Each line below from the "attila dobriban business card" line through the "배드블러드 빌리 2 Way 커브드 조거 트라우져 트레이닝 팬츠 블랙 상품이미지3" line, those two included, must be restated word for word; the pictures must not be.
++++ Source material ++++
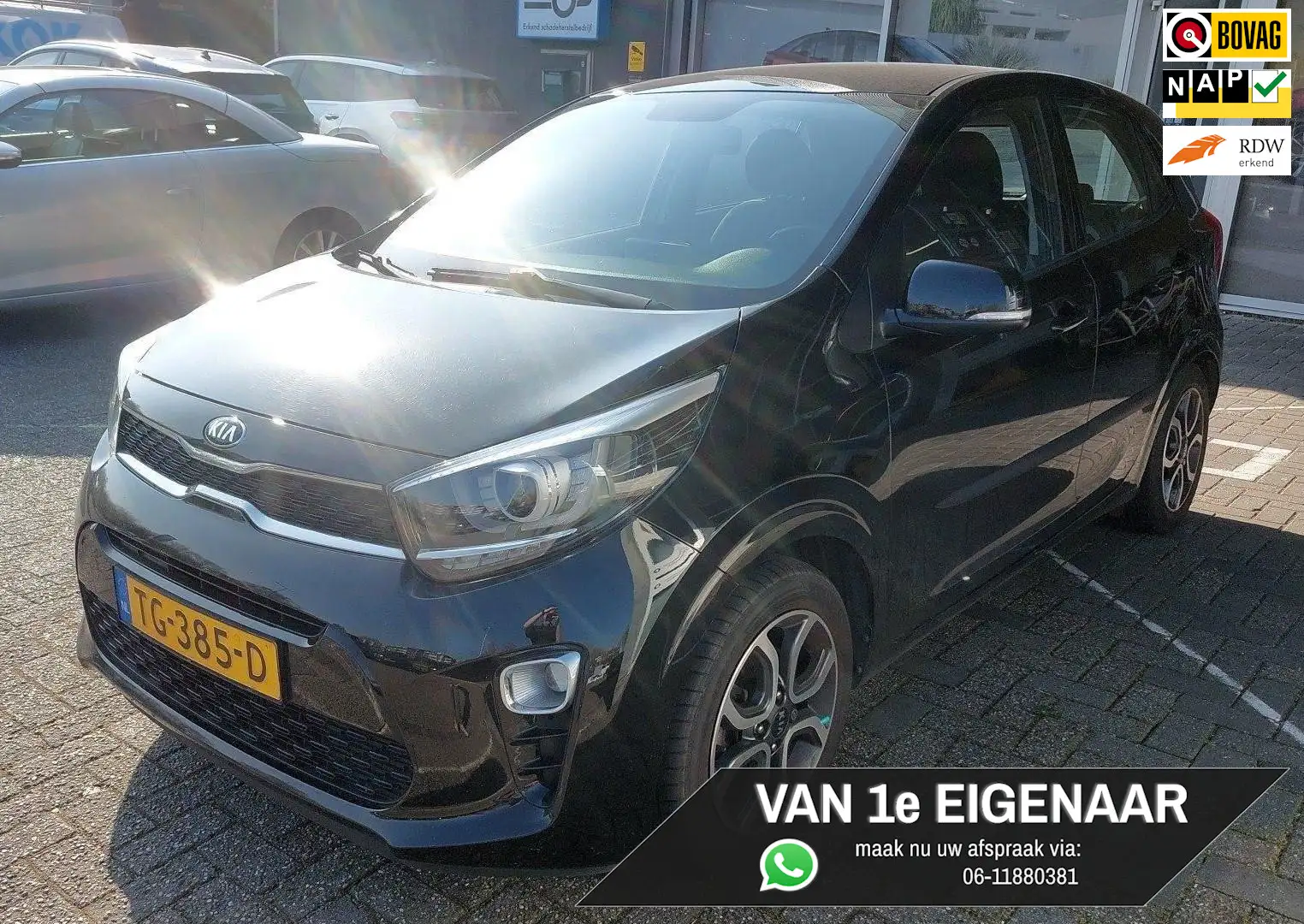 Kia Picanto 1.0 CVVT 5 deurs DynamicPlusLine APPLE CARPLAY Noir - 1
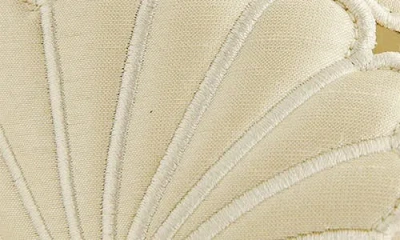 Reformation Waldena Block Heeled Mules Cream Puff Taffeta In White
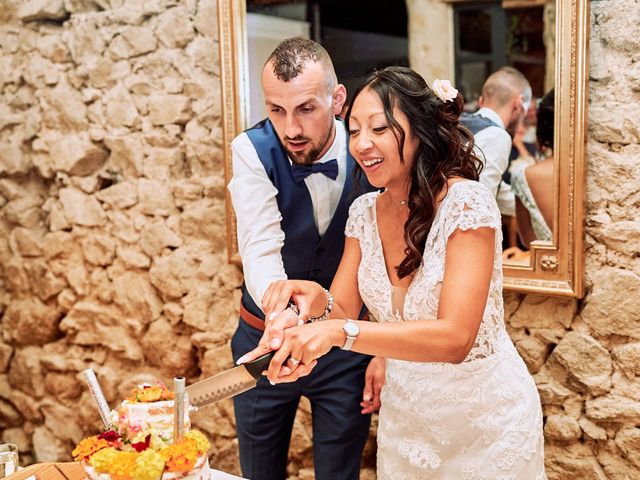 Le mariage de Chanda et Romain à Lemps, Ardèche 82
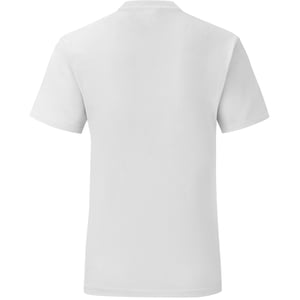 Fruit of the Loom Iconisch T-shirt voor heren (set van 5) (Wit)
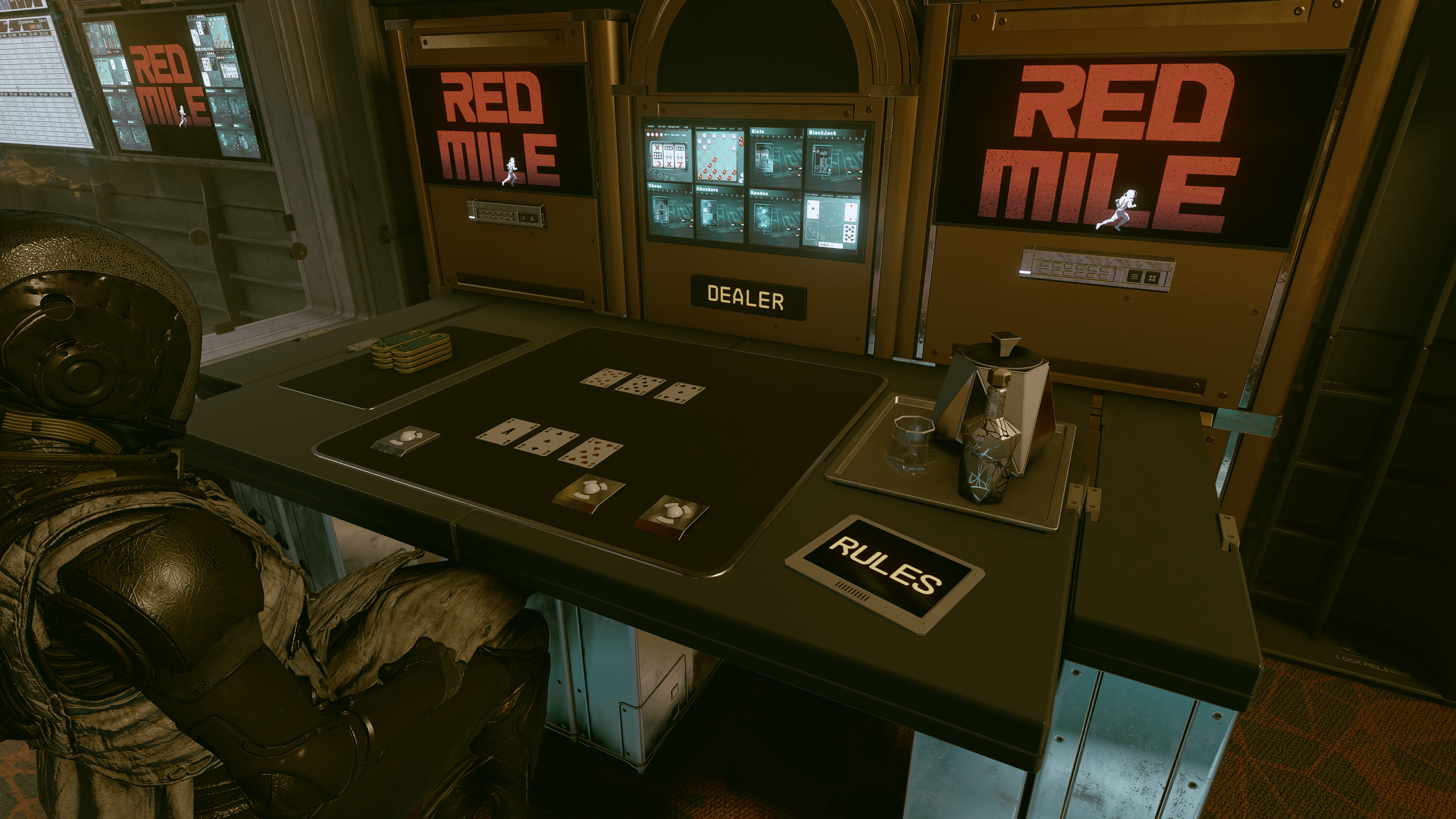 Red Mile Blackjack Table mod for Starfield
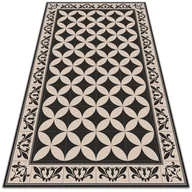Dywany zewnętrzne - Dywan ogrodowy piękny wzór Hiszpańskie kafle 140x210 cm - miniaturka - grafika 1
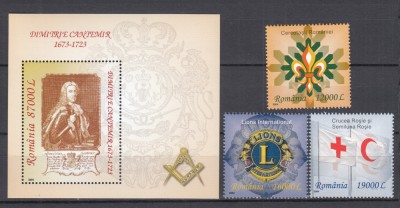 ROMANIA 2004 LP 1668 LP 1669 ORGANIZATII MONDIALE SERIE SI COLITA MNH foto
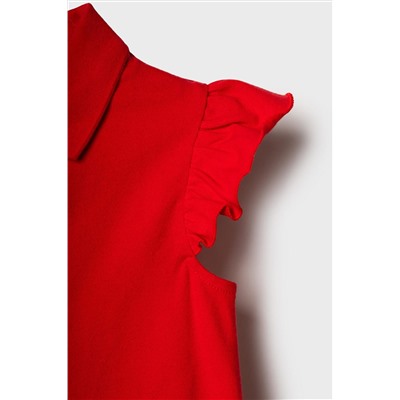 Джемпер трикотажный с воротником поло для девочек PLAYTODAY, 1241969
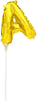 YAY Balloon with Tassel (7 in, Gold)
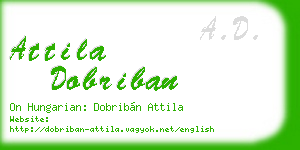 attila dobriban business card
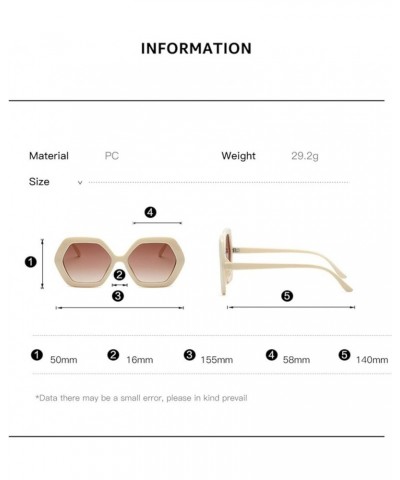 Retro Fashion Woman Sunglasses Outdoor Vacation Beach Driving Sunglasses (Color : C, Size : 1) 1 D $14.31 Designer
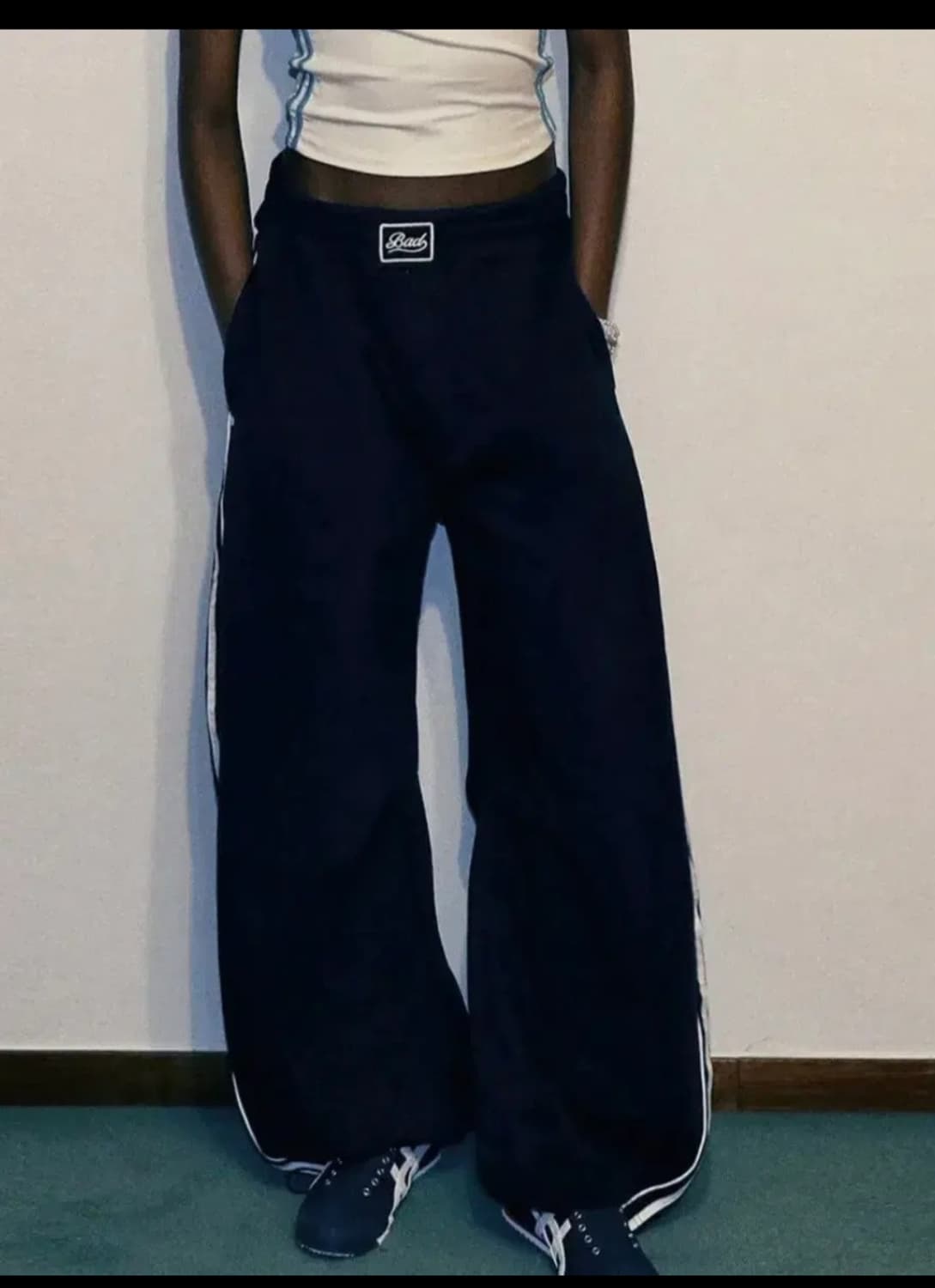 배드블러드 빌리 2 Way 커브드 조거 트라우져 트레이닝 팬츠 블랙 상품이미지3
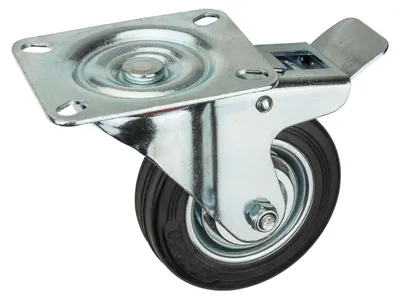 Produktbild von Transportrollen / Lenkrollen mit Bremse d=100 mm bis 70 kg
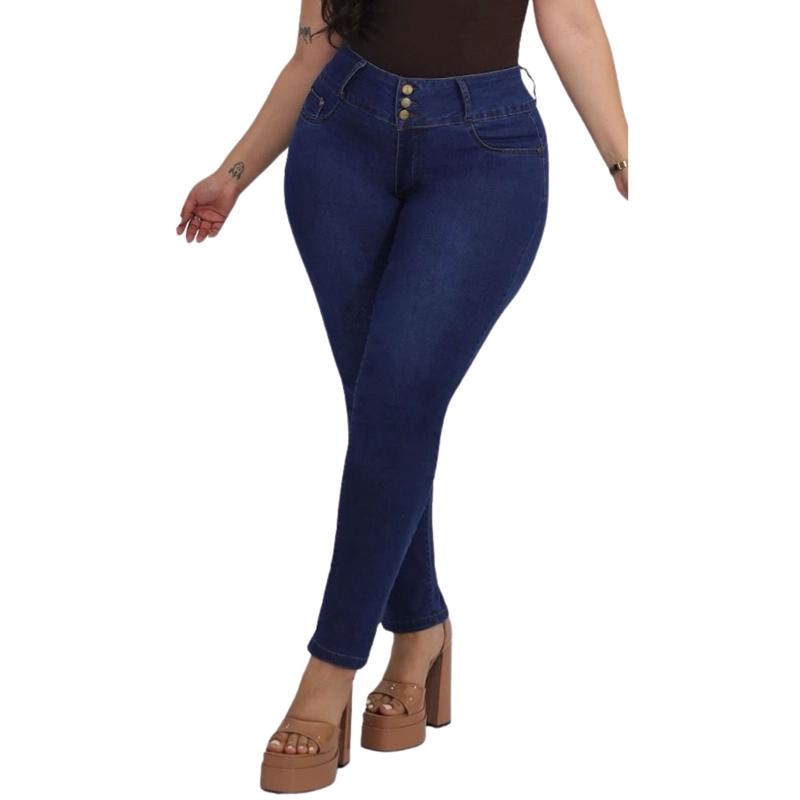 JEANS PITILLO TIRO ALTO J673 - 1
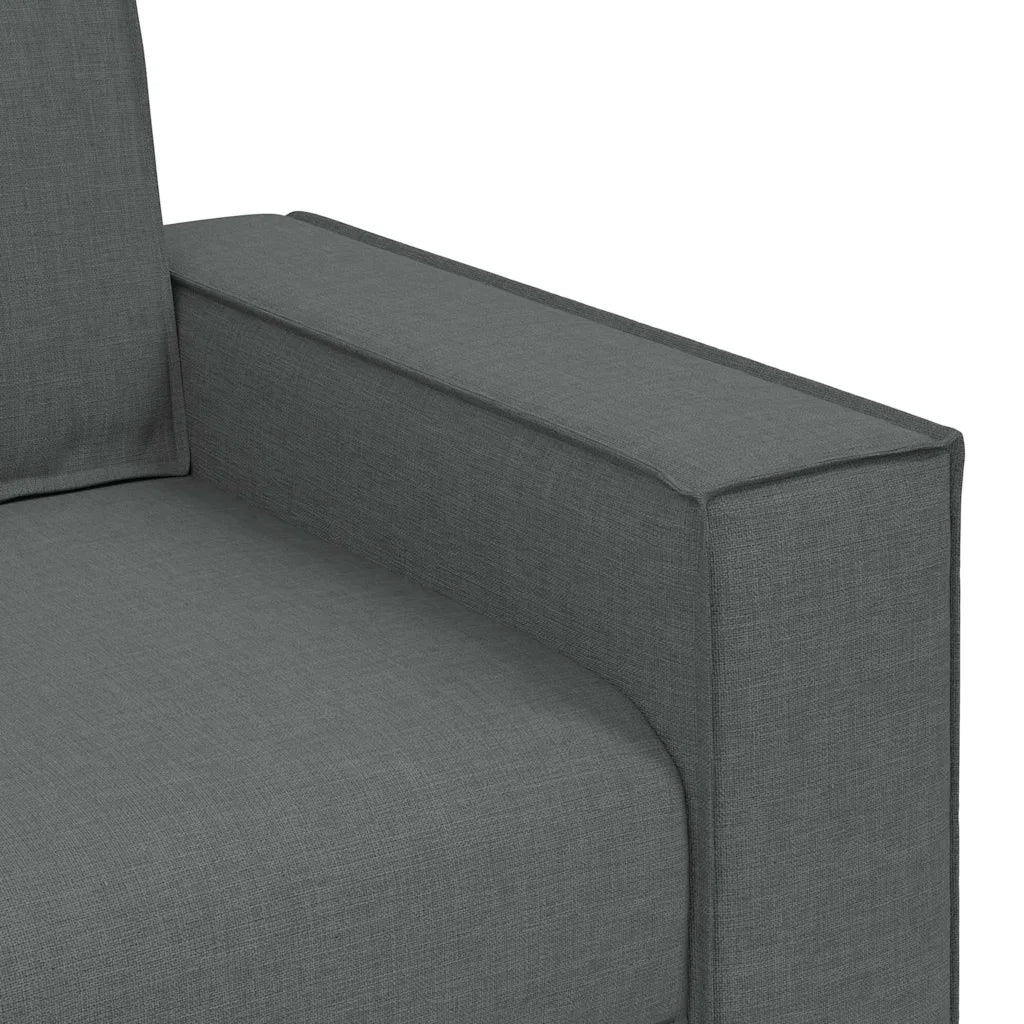 vidaXL Divano a 2 posti Grigio scuro 140 cm in tessuto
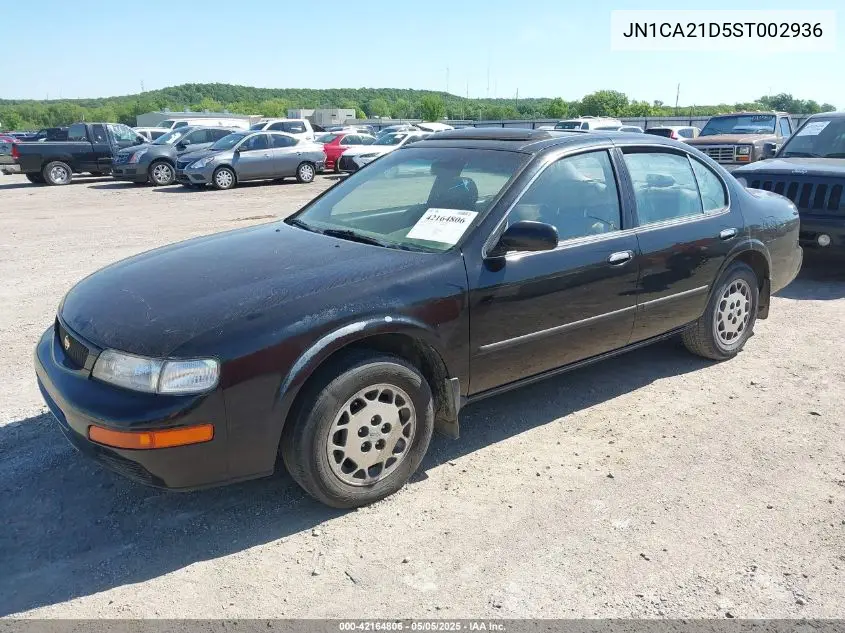 1995 Nissan Maxima Gle/Gxe/Se VIN: JN1CA21D5ST002936 Lot: 42164806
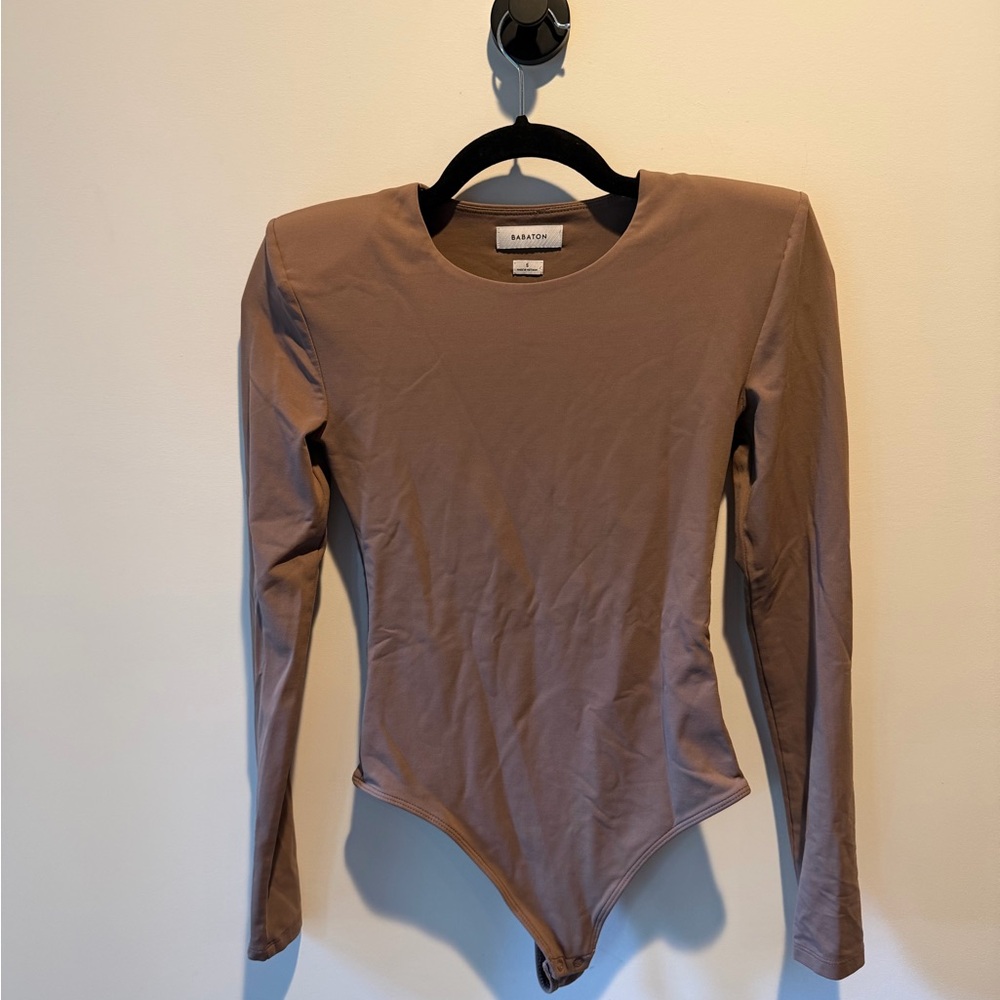 Aritzia Babaton Long Sleeve Bodysuit with shoulder pads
++++
*Finished exercise:*
 attila dobriban business card
 Retro Fashion Woman Sunglasses Outdoor Vacation Beach Driving Sunglasses (Color : C, Size : 1) 1 D $14.31 Designer
 배드블러드 빌리 2 Way 커브드 조거 트라우져 트레이닝 팬츠 블랙 상품이미지3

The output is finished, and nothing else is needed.